• _YOUR GOAL_
The data below must be returned in full and exactly.

• _COLLECTED MATERIAL_
#####
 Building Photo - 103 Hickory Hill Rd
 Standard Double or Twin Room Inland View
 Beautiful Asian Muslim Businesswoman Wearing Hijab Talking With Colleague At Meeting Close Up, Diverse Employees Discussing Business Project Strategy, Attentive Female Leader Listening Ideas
#####
• _FINISHED EXERCISE_
 Building Photo - 103 Hickory Hill Rd
 Standard Double or Twin Room Inland View
 Beautiful Asian Muslim Businesswoman Wearing Hijab Talking With Colleague At Meeting Close Up, Diverse Employees Discussing Business Project Strategy, Attentive Female Leader Listening Ideas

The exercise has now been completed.